Après les romans qui ont fondé la notoriété mondiale de J.M. Coetzee (prix Nobel de littérature en 2003), des mémorables Au coeur de ce pays et Michael K, sa vie, son oeuvre, jusqu'à Disgrâce, tous marqués par les réalités sociales et politiques de l'Afrique du sud au temps et au lendemain de l'apartheid, Coetzee n'a cessé d'explorer les multiples aspects de la réalité contemporaine et de ses propres migrations personnelles, entre la remémoration de Vers l'âge d'homme et le formidable Elizabeth Costello posant la question des pouvoirs de la littérature face au crime dit "contre l'humanité".
Quant à son dernier roman, il prolonge cette sorte de méditation romanesque en phase avec le "bruit du temps", sur une ligne finale qui me rappelle ce que le philosophe russe Léon Chestov appelait la "lutte contre les évidences", avec une façon de remettre en question nos certitudes qui évoque, en somme, celle d'un certain blanc-bec palestinien affrontant les docteurs de la Loi juive...

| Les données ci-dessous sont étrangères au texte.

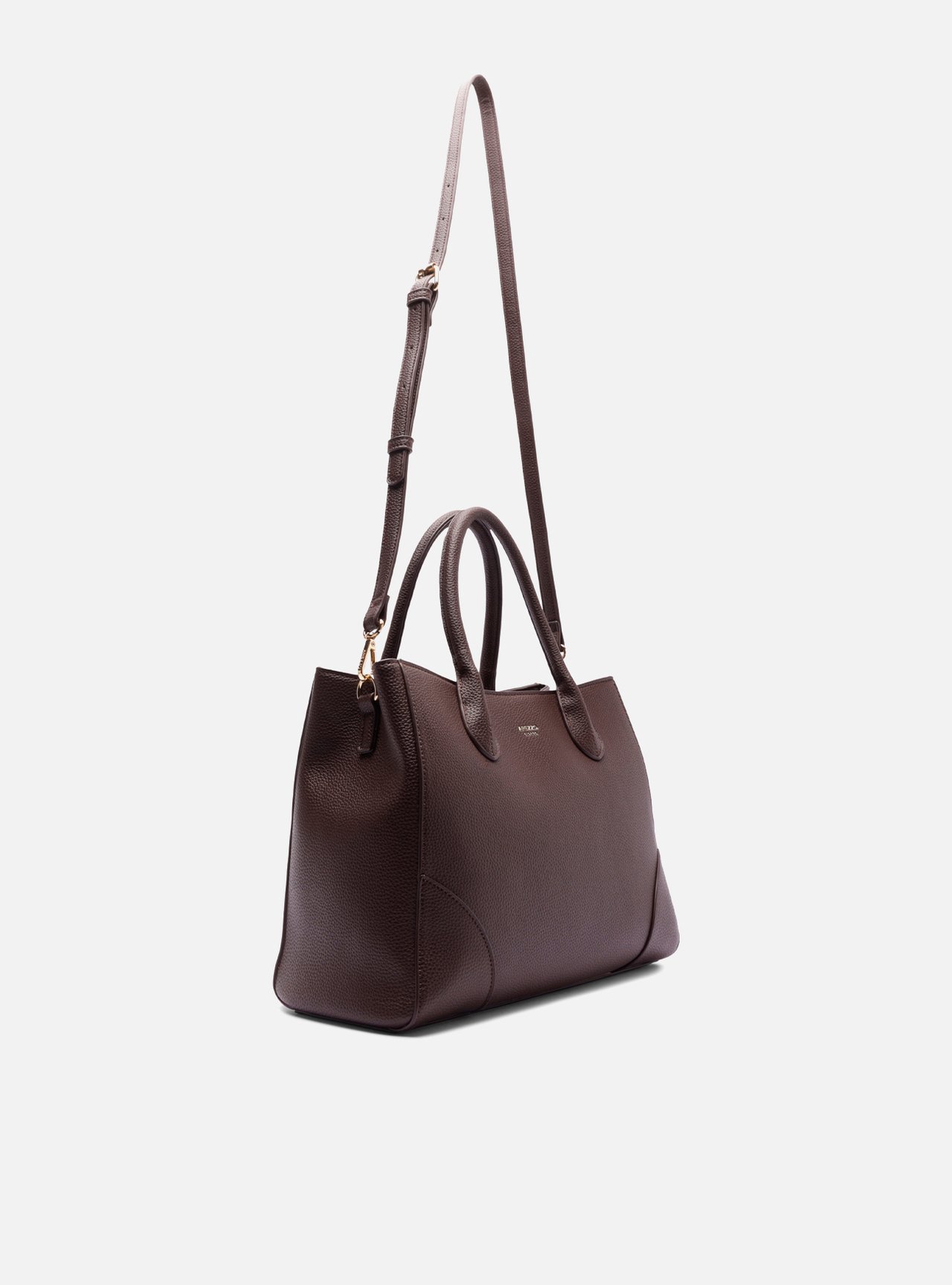Bolsa Tote Marrom Grande Granulada Metais — foto 5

J.M. Coetzee. Une enfance de Jésus. Traduit de l'anglais par Catherine Lauga Du Plessis. Seuil, 2013, 376 p.
Vassily Rozanov. La face sombre du Christ. Essai-préface de Joseph Czapski. Gallimard, 1964.
Léon Chestov. Sur la balance de Job (contenant notamment La science et le libre examen, et Les révélations de la mort) Flammarion, 1966.